“Cutting Loose” by William Stafford

Sometimes from sorrow, for no reason,
you sing. For no reason, you accept
the way of being lost, cutting loose
from all else and electing a world
where you go where you want to.

Arbitrary, a sound comes, a reminder
that a steady center is holding
all else. If you listen, that sound
will tell where it is, and you
can slide your way past trouble.

Certain twisted monsters
always bar the path – but that’s when
you get going best, glad to be lost,
learning how real it is
here on the earth, again and again.

“Cutting Loose” by William Stafford. Originally published as a broadside by Palaemon, 1983. Presented here as published in Dancing with Joy: 99 Poemsedited by Roger Housden. © Random House, 2009.

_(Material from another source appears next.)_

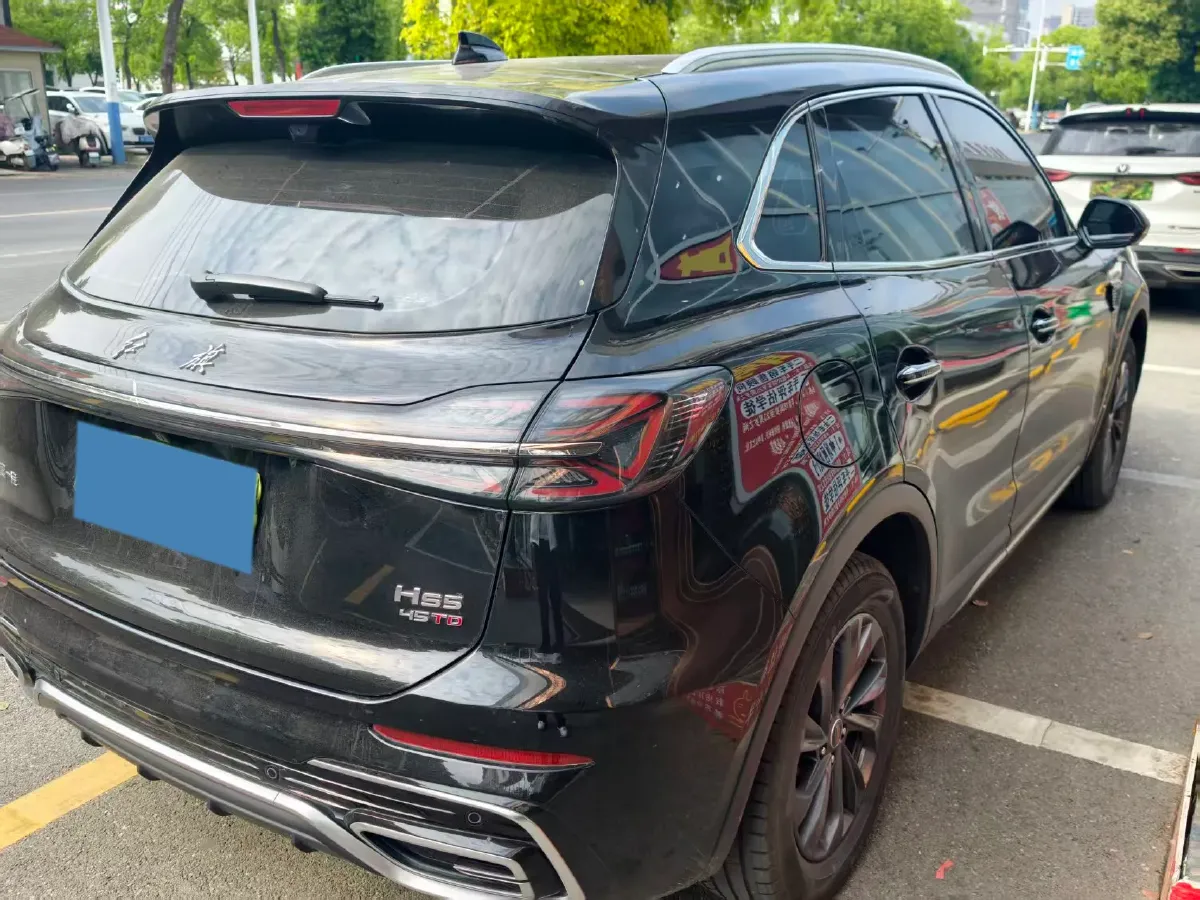 2025 HongQi HS5 2.0T 252HP L4 8AT,autocango,china used car exporter,china ev exporter,chinese used car exporter,chinese used ev exporter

Credit Source: With thanks to A Year of Being Here and to Parker J. Palmer via OnBeing.

“Friends” by William Stafford

How far friends are! They forget you,
most days. They have to, I know; but still,
it’s lonely just being far and a friend.
I put my hand out—this chair, this table—
So near: touch, that’s how to live.
Call up a friend? All right, but the phone
itself is what loves you, warm on your ear,
on your hand. Or, you lift a pen
to write—it’s not that far person
but this familiar pen that comforts.
Near things: Friend, here’s my hand.

“Friends” by William Stafford from The Way It Is. © Graywolf Press, 1998.

“For My Young Friends Who Are Afraid” by William Stafford

There is a country to cross you will
find in the corner of your eye, in
the quick slip of your foot—air far
down, a snap that might have caught.
And maybe for you, for me, a high, passing
voice that finds its way by being
afraid. That country is there, for us,
carried as it is crossed. What you fear
will not go away: it will take you into
yourself and bless you and keep you.
That’s the world, and we all live there.

“For My Young Friends Who Are Afraid” by William Stafford from The Way It Is: New and Selected Poems. © Graywolf Press, 1998.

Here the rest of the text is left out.